## Problem to work on
Would you copy the records exactly, leaving the pictures out?

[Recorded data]
*** Begin section ***

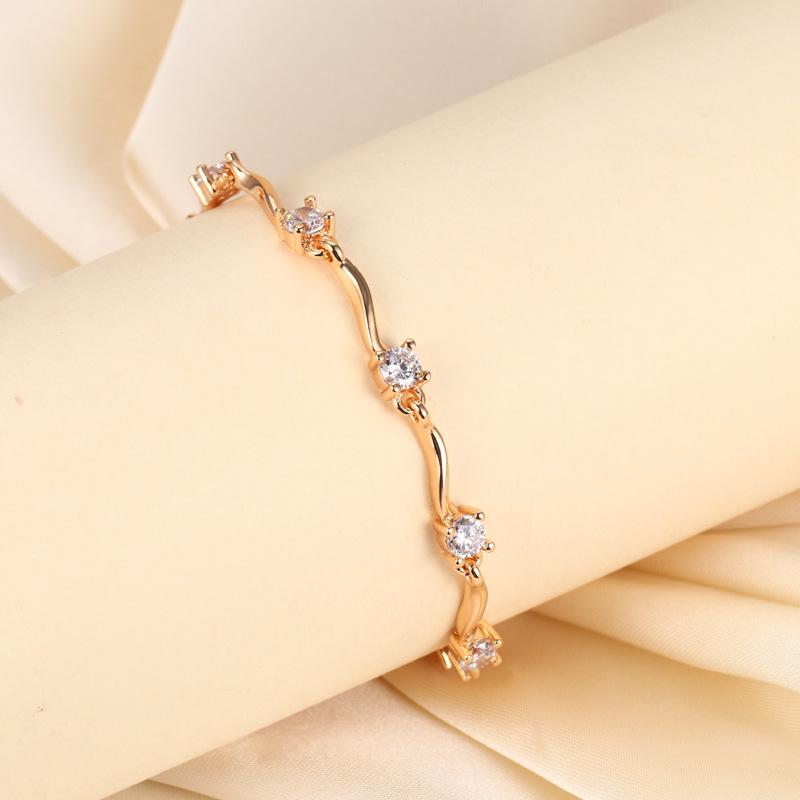 Luxury European Style Wave Rhinestone Bracelet for Women: Simple, Fashionable, and Versatile.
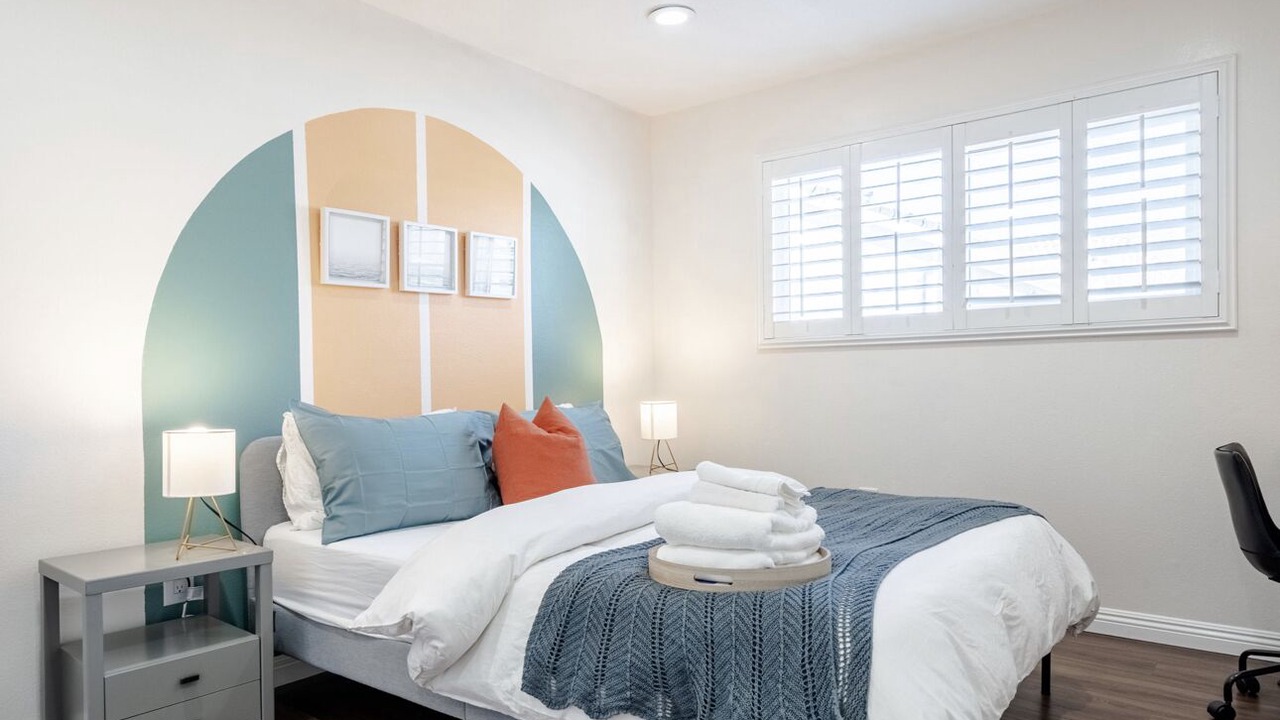 Photo of Bedroom in Midway City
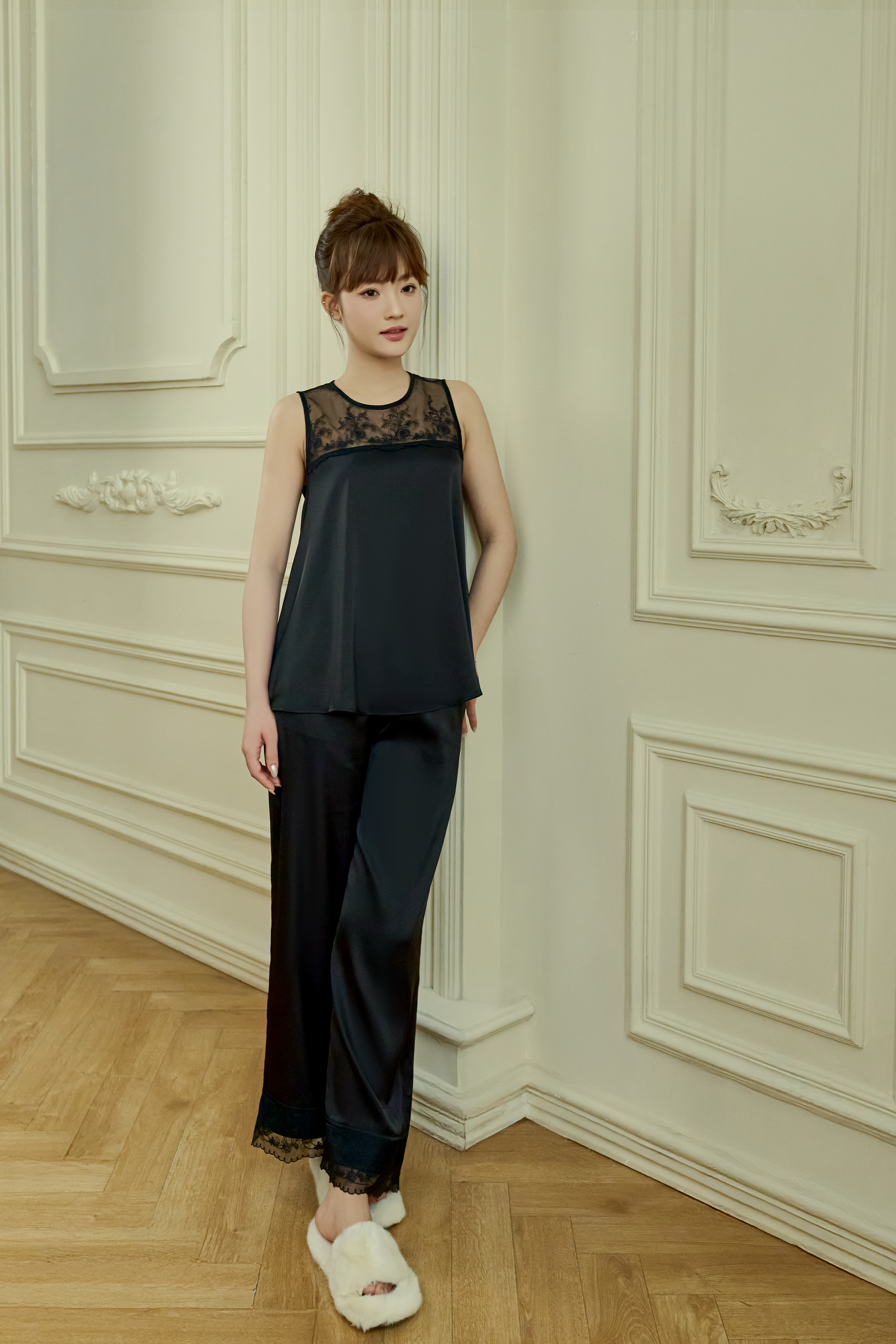 Bộ lụa áo cộc tay, quần dài BN613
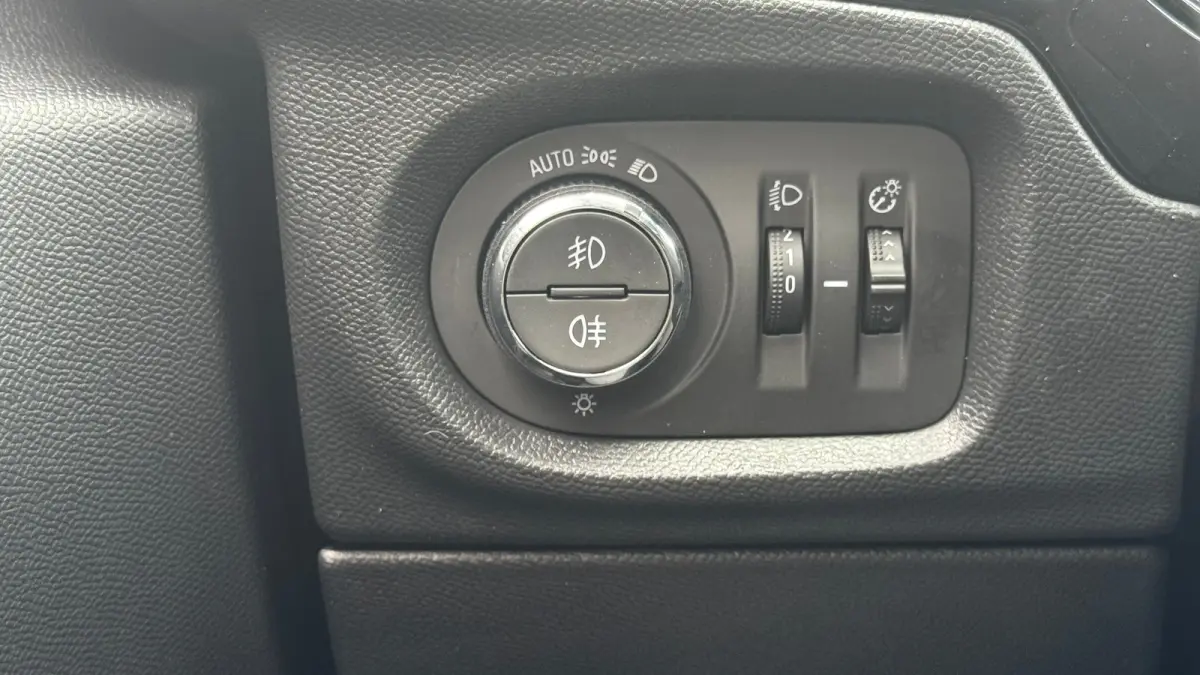 Edition - Electric | Dode hoek waarschuwing | Draadloze Apple Carplay en Android Auto | Elektronische klimaatregeling (ECC)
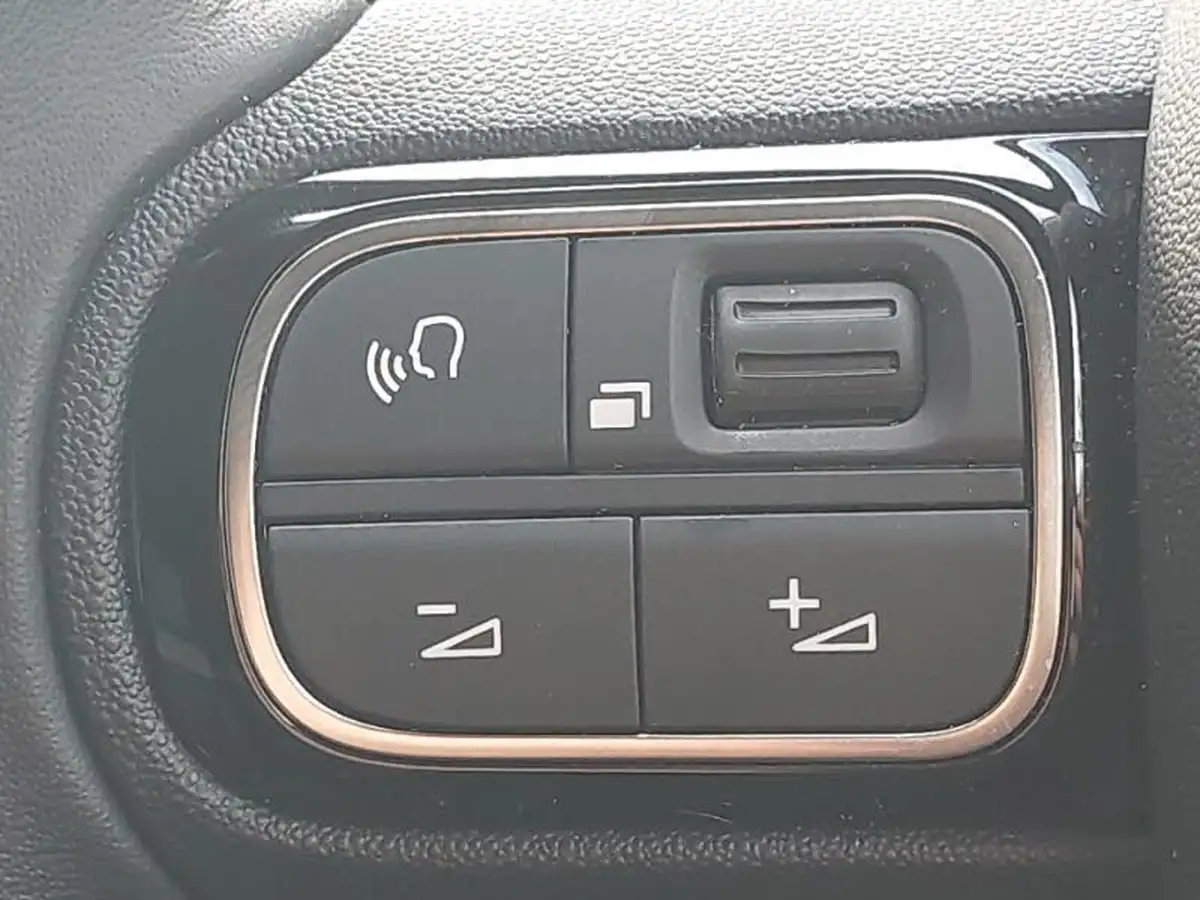 2024-citroen-c3-aircross-12-puretech-max-130ps-eat6-big-17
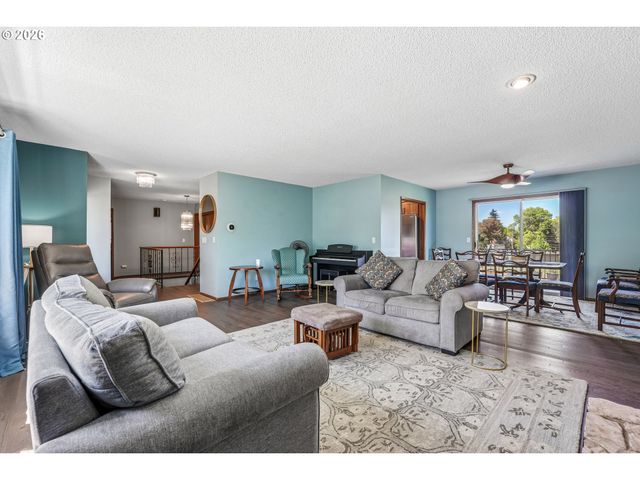 12215 Sw CRESMOOR Dr, Beaverton, OR 97008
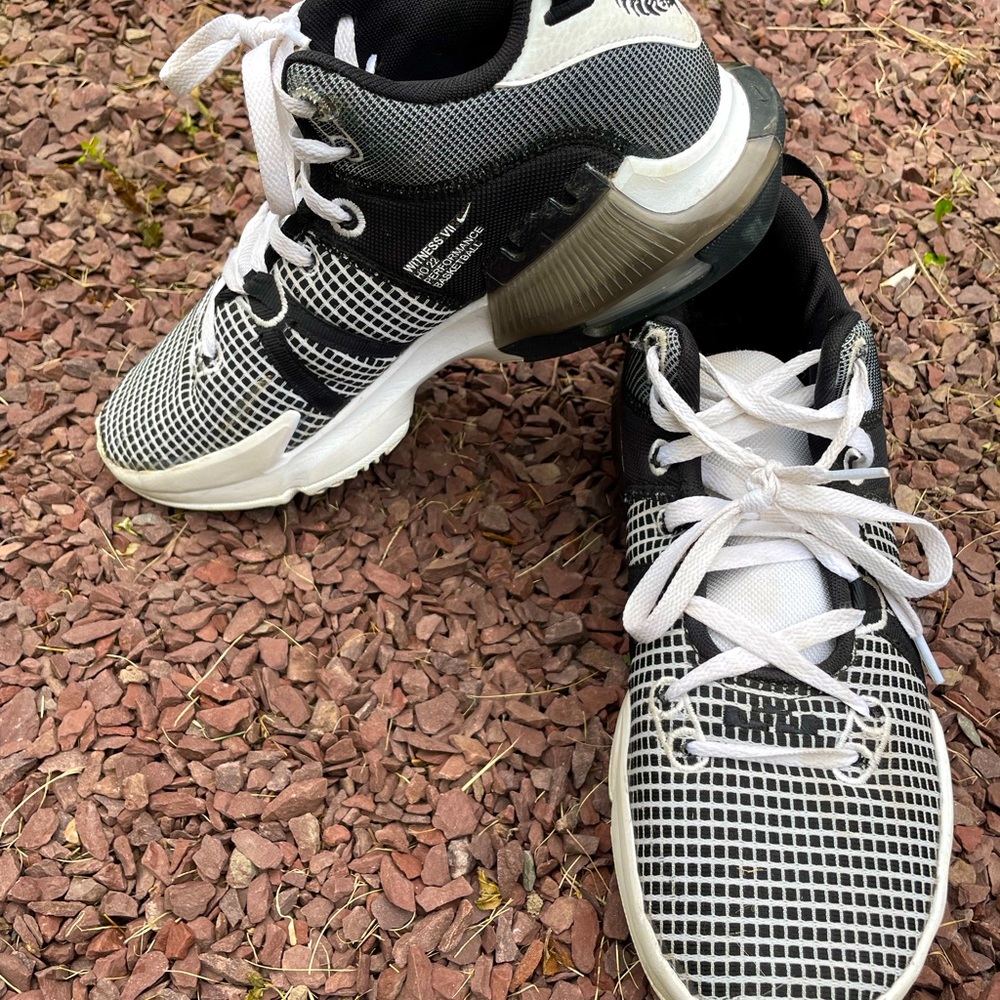 Witness Nike HO 22 performance basketball sneakers size 10 excellent condition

*** End section ***

## Answer space
 Luxury European Style Wave Rhinestone Bracelet for Women: Simple, Fashionable, and Versatile.
 Photo of Bedroom in Midway City
 Bộ lụa áo cộc tay, quần dài BN613
 Edition - Electric | Dode hoek waarschuwing | Draadloze Apple Carplay en Android Auto | Elektronische klimaatregeling (ECC)
 2024-citroen-c3-aircross-12-puretech-max-130ps-eat6-big-17
 12215 Sw CRESMOOR Dr, Beaverton, OR 97008
 Witness Nike HO 22 performance basketball sneakers size 10 excellent condition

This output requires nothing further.